We're trying to extract fields that match this [ FIELD_NAME = S0m3 Valu3 w\ reaLLy $pec!aL ch*rac+3rs ]
and write them on tsidx so that their consumable on tstats
. We're using the transforms-props partnership below
# transforms.conf
[hello_transforms]
REGEX = (?<key>[\w]+)\s\=\s(?<value>[^\]]+)
FORMAT = $1::$2
REPEAT_MATCH = true
WRITE_META = true
#props.conf
[hello]
DATETIME_CONFIG =
LINE_BREAKER = ([\r\n]+)
NO_BINARY_CHECK = true
category = Custom
pulldown_type = 1
TRANSFORMS-capturer = hello_transforms
While it is doing what's expected for most of the fields, (i.e. fields are written on disk, verified through walklex), some values failed to be captured entirely or as expected. For example
[ REMARKS = A Kerberos authentication ticket (TGT) was requested. ]
Splunk only captured "A". See screenshot below.
REGEX VALID:
Do you think this is Splunk's REGEX engine's fault or I have something wrong in my configs?
Thanks in advance.
Sample:
| makeresults
| eval _raw="Feb 7 11:25:20 SYD-UTIL-02 ADAuditPlus [ Category = LogonReports ] [ REMARKS = A Kerberos authentication ticket (TGT) was requested. ]"

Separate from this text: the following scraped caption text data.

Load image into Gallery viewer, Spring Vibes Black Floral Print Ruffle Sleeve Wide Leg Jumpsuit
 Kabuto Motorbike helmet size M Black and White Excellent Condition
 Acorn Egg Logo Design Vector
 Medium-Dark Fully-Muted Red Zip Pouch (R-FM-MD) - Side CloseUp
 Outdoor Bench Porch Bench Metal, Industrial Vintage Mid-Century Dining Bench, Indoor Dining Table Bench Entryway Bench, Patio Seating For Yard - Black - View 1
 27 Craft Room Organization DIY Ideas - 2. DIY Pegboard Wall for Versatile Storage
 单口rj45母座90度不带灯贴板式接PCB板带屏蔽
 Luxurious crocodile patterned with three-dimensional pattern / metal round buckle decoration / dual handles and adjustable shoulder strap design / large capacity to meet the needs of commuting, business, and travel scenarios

| rex max_match=0 "\[\s*(?<key>\S+)\s\=\s(?<value>.*?)\]"
transforms.conf
REGEX = \[\s*(\S+)\s\=\s(.*?)\]
need ]
If you use FORMAT
in props.conf , capture name is not need.
Using FORMAT:
REGEX = ([a-z]+)=([a-z]+)
FORMAT = $1::$2
Not using FORMAT:
REGEX = (?<_KEY_1>[a-z]+)=(?<_VAL_1>[a-z]+)
Same result
@marethanyell
Do you restart/refresh Splunk?
At least, [ REMARKS = A Kerberos authentication ticket (TGT) was requested. ]
is not same result.
Edited transforms.conf with your regex. Stopped Splunk. Deleted index using "clean eventdata" (don't worry, it's a dev machine). Then restarted Splunk. Re indexed the file using one-shot. Still fails to capture the entire value. It stops at whitespace
.
My old Regex also works on | rex
but it does not on transforms.conf
@morethanyell
we both have a mistake. my answer is updated.
I'm sorry.
Same issue, mate. I've used your transforms and it still fails to capture the entire thing and halts at whitespace
[aap_fields_discov]
REGEX = \[\s*(\S+)\s\=\s(.*?)\s\]
REPEAT_MATCH = true
WRITE_META = true
(T_T)
sedcmd-whitespace = s/\s/ /g
why REGEX halt with white space?
I don't understand.
By paper, it should capture this
[ FIELDNAME = The quick brown fox jumps over the lazy dog. ]
If you try it on | rex
or on regex101.com, it does work. But when implemented on transforms.conf, it only captures "The"...so, the field value will be "FIELDNAME = The" instead of entire "FIELDNAME = The quick brown fox jumps over the lazy dog."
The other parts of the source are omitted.